### Work task
Your task is to print all of the data below exactly, with no pictures included.

::: Records for this task :::

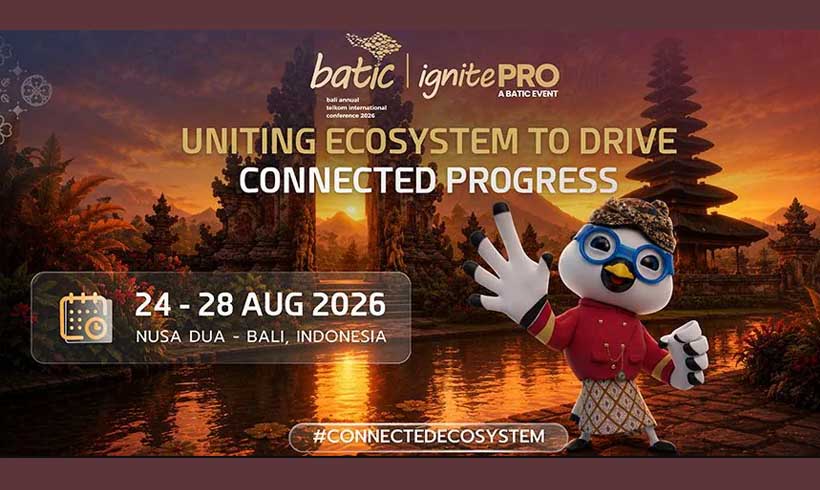 BATIC 2026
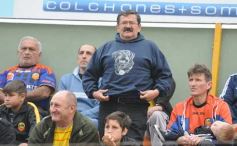 Foto de la galería: Crucero perdió con  Chicago y quedó muy complicado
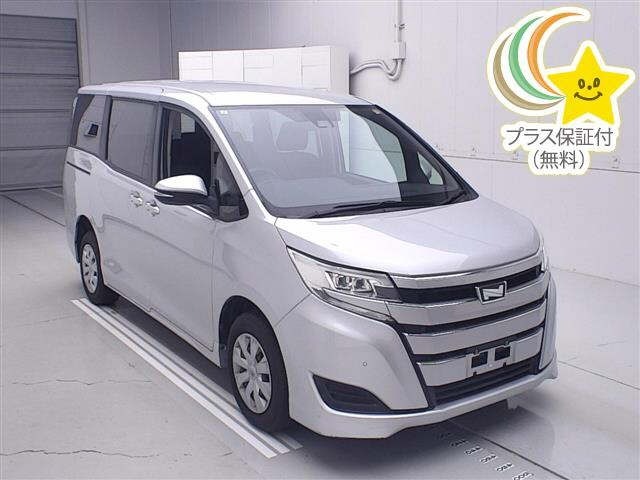 Toyota NOAH 2021 8421550-0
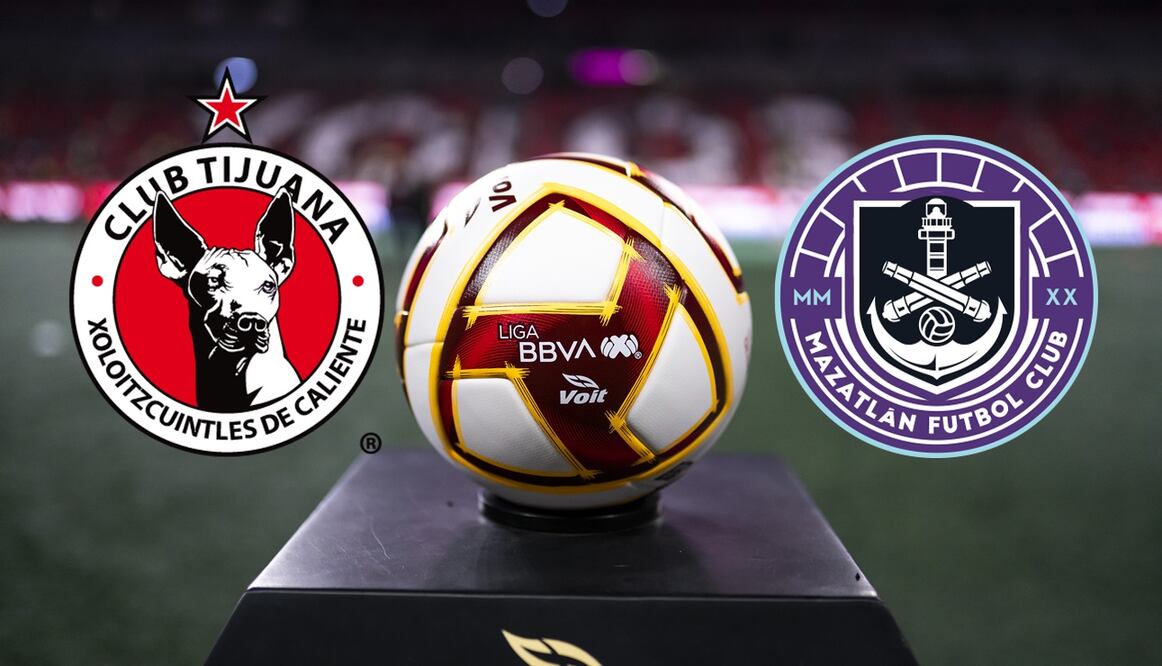 Castigan a Xolos y Mazatlán por sus aficionados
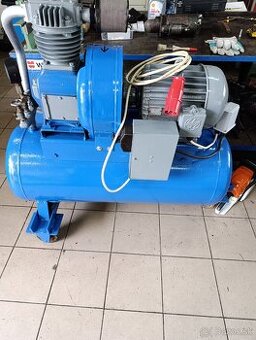 Kompresor 3kw 380v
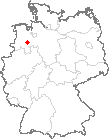 Karte Vechta Karte Vechta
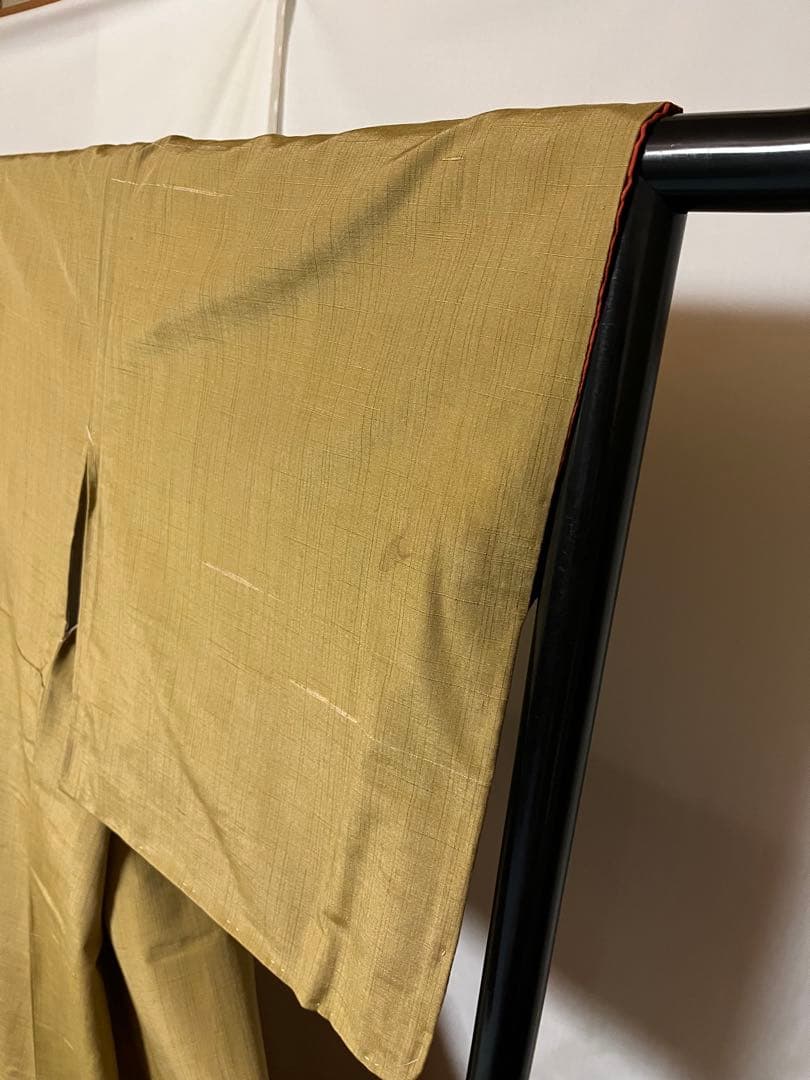 超絶逸品】⭐️沖縄県伝統工芸品⭐️【琉球絣】⭐️天然染料⭐️総絣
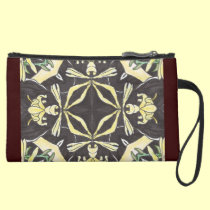 Lillimaio bolsos clutch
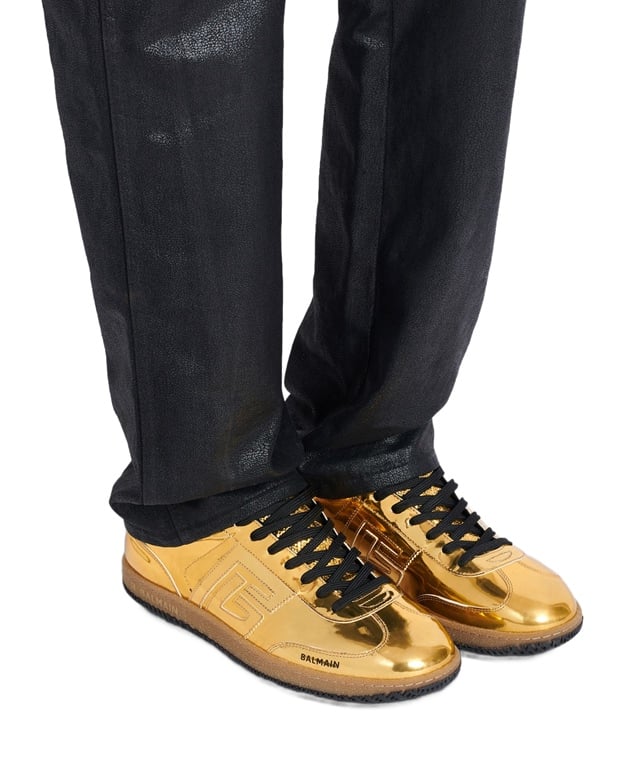 Balmain Sneakers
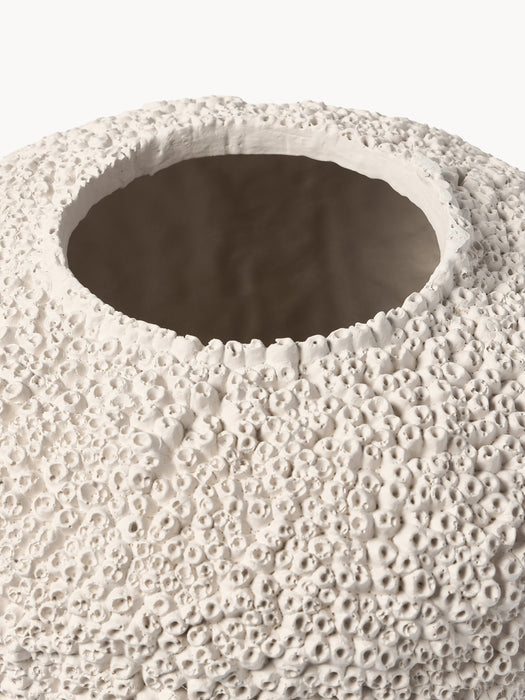 Handmade Vase Sunao H 30 cm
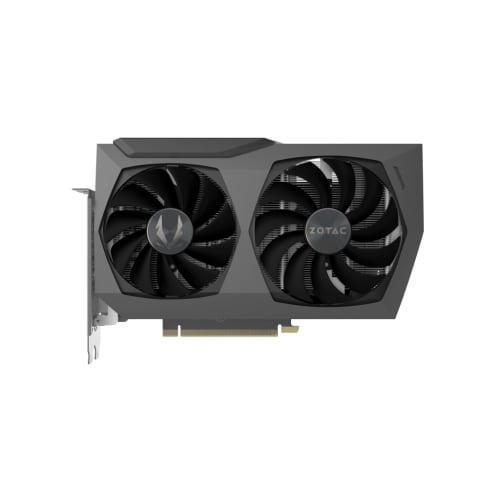 ZOTAC Video Card ZT-A30700H-10PLHR GeForce RTX 3070 Twin Edge OC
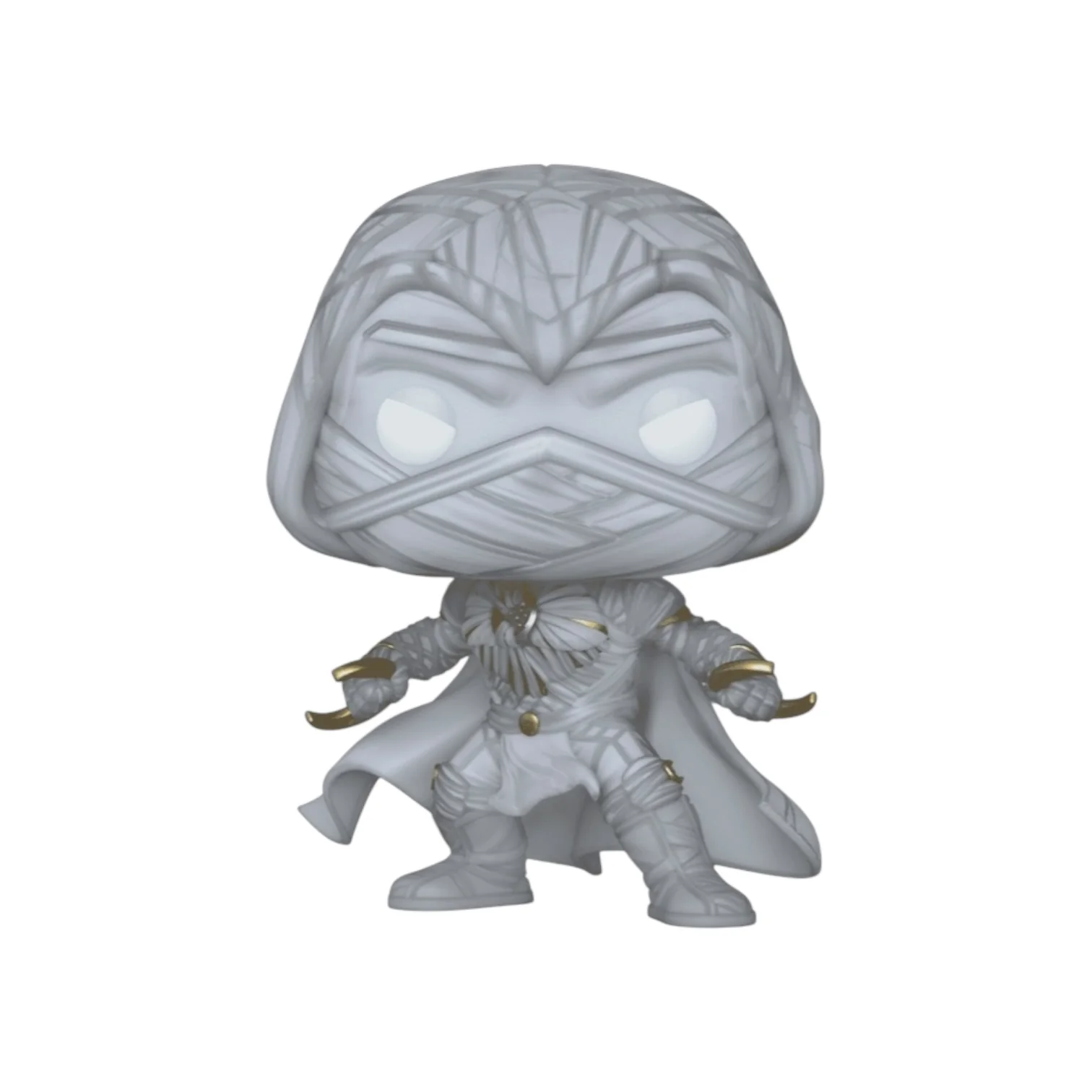 Moon Knight #1074 Funko Pop! - Moon Knight - Funko Shop Exclusive - Image 2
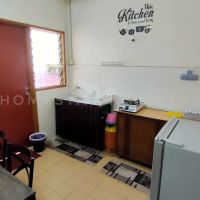 Homestay Mak Abah ico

:::

### Result below
 BATIC 2026
 Foto de la galería: Crucero perdió con  Chicago y quedó muy complicado
 Toyota NOAH 2021 8421550-0
 Castigan a Xolos y Mazatlán por sus aficionados
 Kompresor 3kw 380v
 Karte Vechta Karte Vechta
 超絶逸品】⭐️沖縄県伝統工芸品⭐️【琉球絣】⭐️天然染料⭐️総絣
 Lillimaio bolsos clutch
 Balmain Sneakers
 Handmade Vase Sunao H 30 cm
 ZOTAC Video Card ZT-A30700H-10PLHR GeForce RTX 3070 Twin Edge OC
 Moon Knight #1074 Funko Pop! - Moon Knight - Funko Shop Exclusive - Image 2
 Homestay Mak Abah ico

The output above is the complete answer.